November 15, 2023 at 05:09AM
Chipmakers Intel and AMD released security advisories this week, disclosing a total of more than 130 vulnerabilities in their products. Intel addressed 105 vulnerabilities, including a critical flaw in Data Center Manager software. AMD disclosed 27 vulnerabilities, with one impacting AMD Secure Encrypted Virtualization and another in SMM Supervisor. Both companies released patches to fix the vulnerabilities.
During the meeting, it was noted that Intel and AMD both released security advisories on Patch Tuesday, informing customers about a significant number of vulnerabilities in their products.
Intel provided 31 advisories covering approximately 105 vulnerabilities. One of the notable vulnerabilities patched by Intel is a CPU flaw called Reptar (CVE-2023-23583), which was discovered internally by the company and independently by Google researchers. This vulnerability has the potential to cause crashes on the host machine and other guest machines in a multi-tenant virtualized environment. It could also lead to information disclosure or privilege escalation. Intel also highlighted a critical vulnerability (CVE-2023-31273) in their Data Center Manager (DCM) software, which can allow an unauthenticated attacker to escalate privileges through network access. Other advisories addressed high-severity vulnerabilities in various Intel software and firmware.
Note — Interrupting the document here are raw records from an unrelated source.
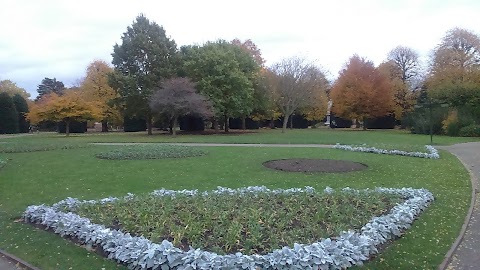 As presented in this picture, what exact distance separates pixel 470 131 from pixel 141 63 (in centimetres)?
2858

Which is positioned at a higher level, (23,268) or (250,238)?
(250,238)

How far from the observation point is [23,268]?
5.00 metres

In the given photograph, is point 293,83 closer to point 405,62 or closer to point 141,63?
point 141,63

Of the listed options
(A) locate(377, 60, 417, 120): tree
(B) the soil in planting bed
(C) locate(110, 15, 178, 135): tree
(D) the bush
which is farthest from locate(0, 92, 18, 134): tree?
(D) the bush

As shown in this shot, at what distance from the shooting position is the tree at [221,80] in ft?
118

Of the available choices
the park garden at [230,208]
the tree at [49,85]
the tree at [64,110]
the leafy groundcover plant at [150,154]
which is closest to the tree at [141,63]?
the tree at [64,110]

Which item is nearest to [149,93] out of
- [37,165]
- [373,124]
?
[37,165]

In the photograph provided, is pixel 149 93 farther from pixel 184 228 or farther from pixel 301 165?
pixel 184 228

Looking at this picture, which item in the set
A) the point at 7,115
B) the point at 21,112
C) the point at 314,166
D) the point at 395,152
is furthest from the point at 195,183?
the point at 21,112

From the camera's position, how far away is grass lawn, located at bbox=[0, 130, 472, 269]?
5.33 metres

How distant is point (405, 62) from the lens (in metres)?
53.2

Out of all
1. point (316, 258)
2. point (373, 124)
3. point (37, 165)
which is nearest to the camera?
point (316, 258)

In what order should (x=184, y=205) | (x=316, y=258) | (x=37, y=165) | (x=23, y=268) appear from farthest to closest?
(x=37, y=165) < (x=184, y=205) < (x=23, y=268) < (x=316, y=258)

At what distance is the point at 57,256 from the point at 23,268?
16.1 inches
AMD, on the other hand, published five security advisories discussing a total of 27 vulnerabilities. One of the advisories focused on CacheWarp (CVE-2023-20592), an AMD CPU vulnerability that could pose risks to virtual machines (VMs) by potentially allowing attackers to hijack control flow, break into an encrypted VM, and escalate privileges. Additionally, AMD addressed security holes in components such as Secure Processor (ASP), System Management Unit (SMU), and graphics drivers. These vulnerabilities range from high-severity issues that could lead to arbitrary code execution or privilege escalation to medium-severity flaws that could allow for arbitrary code execution or cause a denial-of-service (DoS) condition.
The meeting notes also mentioned related news articles on the topic, such as one discussing how Intel and AMD addressed over 100 vulnerabilities and another detailing a speculative execution attack targeting Intel and AMD processors called “Retbleed.”